Trump sexual assault accusers speak out in new George Conway PAC ads

3 weeks ago 9

Two women who accuse former President Trump of sexual assault recounted their experiences in a pair of political ads urging voters not to elect the former president to a second term in office.

The $250,000 ad campaign, which conservative lawyer George Conway’s Anti-Psychopath PAC announced on Wednesday, features two 60-second ad spots, with former saleswoman and stockbroker Jessica Leeds telling her story in one and former People Magazine journalist Natasha Stoynoff sharing hers in another.

The ads will run in Pennsylvania through Election Day, the PAC said, and will target women on the Hallmark and Lifetime channels. The ad campaign will also target Republicans and independents on streaming platforms.

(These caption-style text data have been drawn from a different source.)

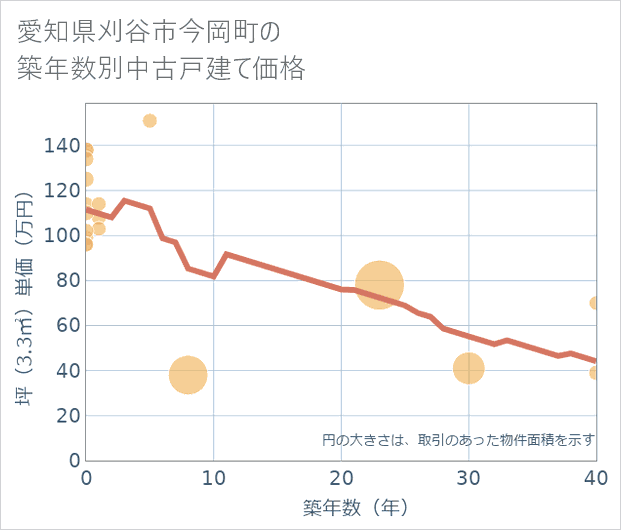 愛知県刈谷市今岡町の築年数別の中古戸建て坪単価
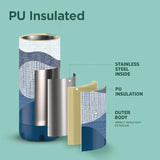 Milton Steel Linear Insulated Water Bottle  Dark Blue 680ML
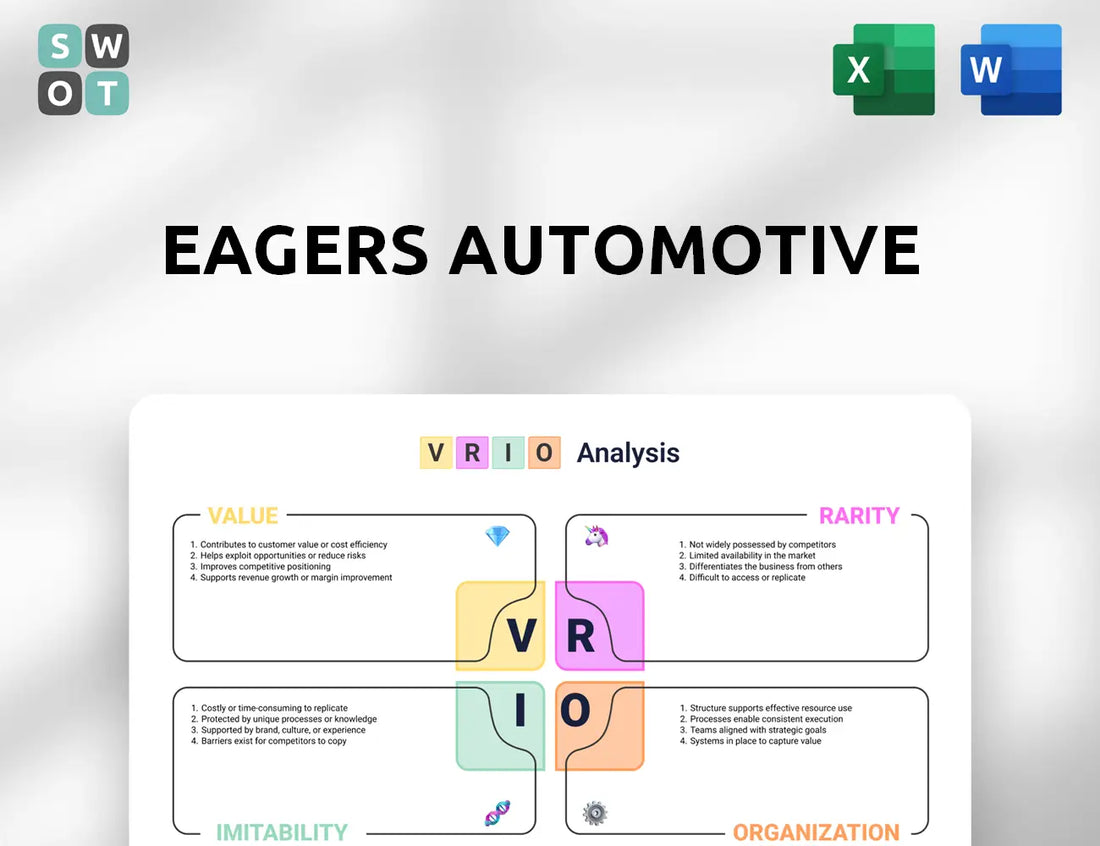 Eagers Automotive VRIO Analysis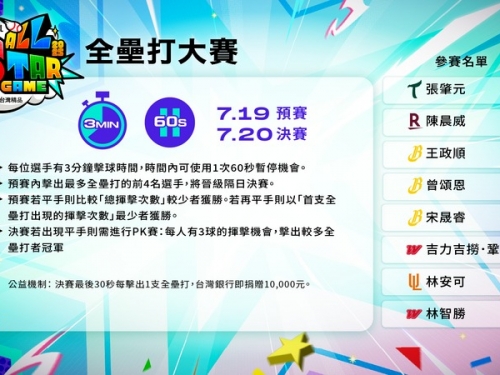 中職》宋晟睿、陳晨威兩快腿遞補全壘打大賽！明星賽所有名單底定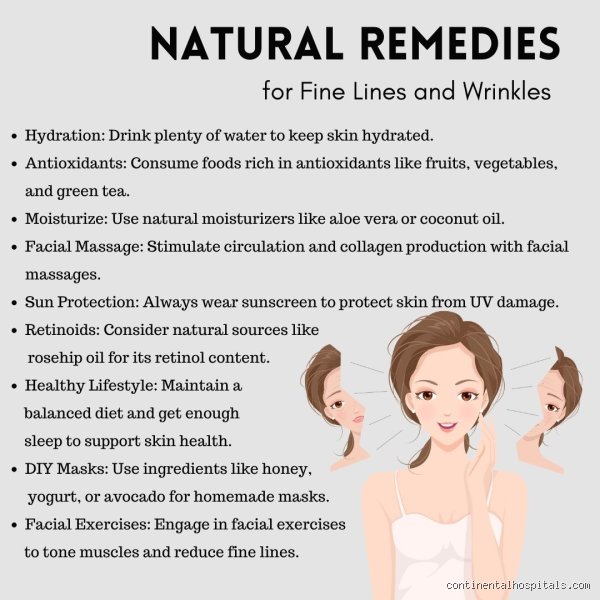 What Can I Drink to Remove Wrinkles? The Liquid Myth Versus the Liquid Reality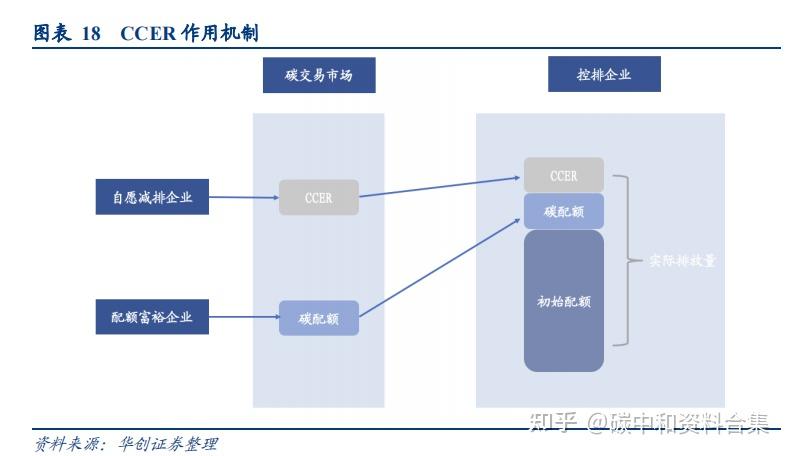 228项CCER方法学超强汇总！覆盖发改委及全国10个地区（附下载） - 知乎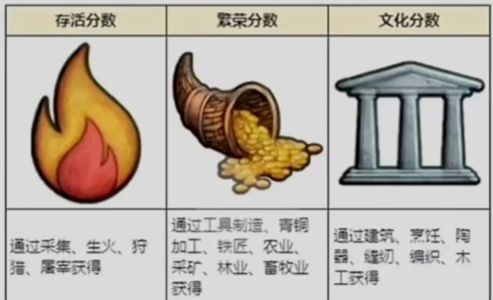代币刷取场景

The push is part of a larger $500,000 national campaign “to tell the women’s stories and remind swing voters about Trump’s deficient character,” according to a press release.

In the first ad, Leeds recounts a 1979 incident on a flight when she said she was approached by a stewardess shortly before take off, inviting her to follow her to First Class. Leeds obliged and, in the window seat, she found Trump, who introduced himself to her, she recalled.

“The airplane took off and, all of a sudden, Donald Trump started groping me,” Leeds recounted. “He was trying to kiss me, and I'm trying to push him away. He was basically overpowering me.”

“When he started putting his hand up my skirt, I got out of the seat, grabbed my purse and went back to my original seat, and I certainly was shook up by the whole thing,” she continued.

Two years later, Leeds said, she ran into Trump and his wife at a fundraiser.

"He looked at me, and he said, ‘I remember you. You're that c--- from the airplane,'" Leeds recounted in the ad.

“Donald Trump views women as for his entertainment,” Leeds added. “He is a serial predator. He has said it point blank, and he's done it, and he will continue to do it.”

In the second ad, Stoynoff describes traveling to Mar-a-Lago to interview Trump for People Magazine in 2005. Trump’s wife at the time, former First Lady Melania Trump, went upstairs to change, Stoynoff recalled, and Trump told Stoynoff he wanted to show her “this beautiful painting, this beautiful room.”

“He leads me to this room, pushes me against the wall, and starts kissing me forcefully,” Stoynoff recalled in the video.

“I tried to push him. He kept coming back at me. I was in shock and smothered, and he had his hands here against my shoulders,” Stoynoff said, bringing her hands to reach her shoulders. “I felt sick inside. I felt horrified.”

The butler then entered the room, Stoynoff said, and Trump turned to her and said, “You know we're going have an affair, don't you?” At that point, “Melania was approaching. I was horrified,” she added.

For years, Stoynoff said, she blamed herself for the incident. That changed when the Access Hollywood tape came out in 2016, capturing Trump allegedly boasting about reaching a level of stardom allowing him to grab women by their genitals.

“I realized I was not to blame, that he was just a predator of women,” Stoynoff said in the ad. “What could have happened if the butler had not come into the room? Donald Trump is an adjudicated sexual assaulter. We cannot elect this man as president."

Stoynoff said her view also changed when listening to stories from women like fellow journalist E. Jean Carroll, who brought a successful lawsuit against the former president, alleging he raped her in a Bergdorf Goodman’s dressing room in the ‘90s. Both Stoynoff and Leeds testified in that trial, in an effort to show a pattern of sexual assault.

Trump was ultimately found liable for sexual assault and defamation, and was ordered to pay tens of millions of dollars by a New York jury. Trump denies the accusations and is appealing both cases.

The Anti-Psychopath PAC press release noted the ad campaign in Pennsylvania comes just days after former President Trump on Monday told women “I am your protector,” at a rally in Pennsylvania.

The goal of the ad campaign, according to the PAC, is twofold: “First, it amplifies the traumatic stories for undecided voters across the country and reminds them a vote for Trump is a vote for a serial sexual predator. Second, it will provoke the former president by confronting him with the effects of his actions, and the lives he upended as a result.”

Conway, who has become one of the most prominent conservative voices against Trump in recent years, applauded Stoynoff and Leeds, for sharing their stories.

“Sometimes the truth takes decades to fully come out,” Conway said in a statement. “Natasha, Jessica, and so many more brave women like them have long been telling us who Donald Trump really is — a malignant narcissist who abuses other human beings the way everyone else breathes."

“It’s time for Pennsylvania voters to listen to them, and to put his destructive foray into public life to an end,” he continued.

The Hill has reached out to the Trump campaign for comment on the ad campaign.